While the same distorted funk sound is definitely present on this record, fans of In The Raw should not expect the same theme to be continued. This record is something different, the next step in the Whitefield Brothers’ progression. They take their raw funky dissonance to the next level on Earthology, expanding their horizon to include sounds and influences from new places and cultures. If you dug In The Raw, you’ll dig Earthology; just don’t expect more of the same.

Whitefield In Paris from MASSCORPORATION.COM on Vimeo.

Thursday, May 6, 2010

Lagos Disco Inferno

If you've ever wanted to transport yourself to late 1970's Lagos, Nigeria, now you have the chance.

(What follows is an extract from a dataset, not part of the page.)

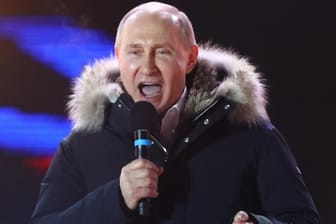 Russian President and Presidential candidate Putin delivers a speech during a rally and concert marking the fourth anniversary of Russia's annexation of the Crimea region, in central Moscow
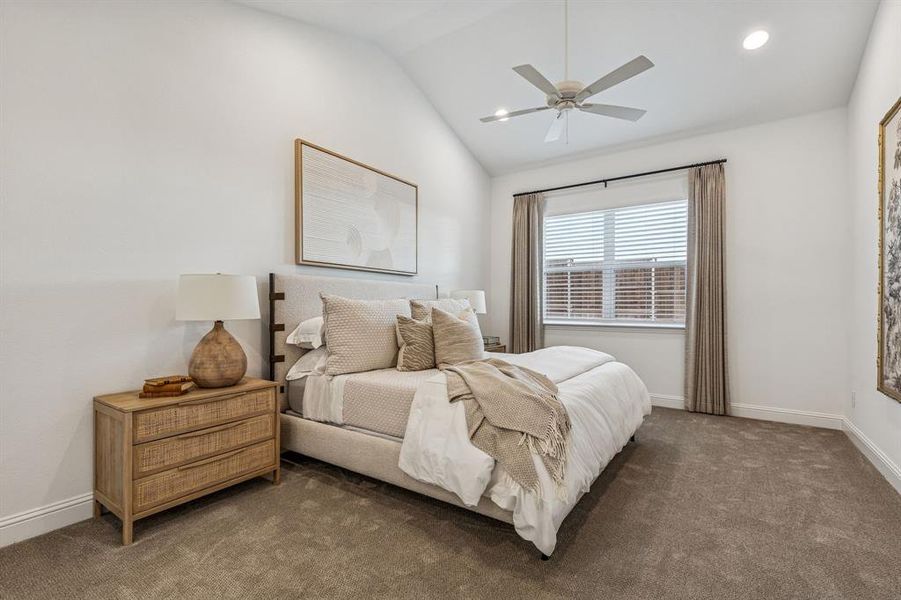 Carpeted bedroom with lofted ceiling, a ceiling fan, and recessed lighting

Lagos Disco Inferno, the compilation of Nigerian disco, funk, and rock compiled by Frank Gossner, aka DJ Soulpusher, is an insanely danceable collection of songs capable of triggering an uncontrollable dance party at any moment. Featuring heavy-hitters from the late 70's Lagos music scene like Geraldo Pino, Asiko Rock Group, and BLO, this is music you don't hear everyday.

Frank Gossner is a legendary crate digger. He's made a name for himself with his blog, Voodoo Funk, where he documents his record collecting trips to West Africa. Anyone who's heard him spin can vouch for his ridiculously deep collection of obscure African gems. He collaborated with Daptone Records in 2009 to re-issue Pax Nicholas' forgotten Afrika 70 gem. Lagos Disco Inferno is his second re-issue project, and I believe he has more planned.

While not every track on the album is disco, every song will make you dance. The first time I heard this album, I immediately tracked it down on vinyl, and spun it at my next dj gig. This album is most definitely best administered in like-minded company and with generous doses of cold, alcoholic beverages.

Sunday, May 2, 2010

Album Review: El Existential-Grupo Fantasma

El Existential, the new album from Grupo Fantasma out May 11, 2010 on National Geographic Records, is an energetic, free-flowing, collection of songs that blend a diverse array of elements and sounds. Following their Grammy-nominated third album Sonidos Gold (2008), Grupo Fantasma has made a name for themselves for their ability to combine Latin musical styles with psychedelic rock and funk elements to forge a trademark style all their own. El Existential exemplifies that style from start to finish.

The range on this album is truly impressive. They go from downtempo Cumbia to hard driving rock from song to song. Certain songs like Realizando, the album’s first track, emphasize the psychedelic funk aesthetic, which fosters an interesting mix with the accompanying more traditional-Latin sounding horns, vocals and percussion. The band’s horn section really makes it presence felt throughout the album. The multi-layered rhythm section provides a vibrant backdrop over which the horns resound.

El Exisential was recorded in the band’s home studio in Austin. GP purposely avoided the corporate studio route to immerse themselves in a collectively occupied homestead, so they could create communally in a non-corporate, domestic atmosphere engineered to foster collaboration and experimentation. You can hear the homemade, analog production quality when you listen to the album. Similar to Daptone Records’ signature sound, the soul and character comes across through the speakers.

This album was my introduction to Grupo Fantasma, and it made a great first impression. The album drops in a little over a week, definitely check it out.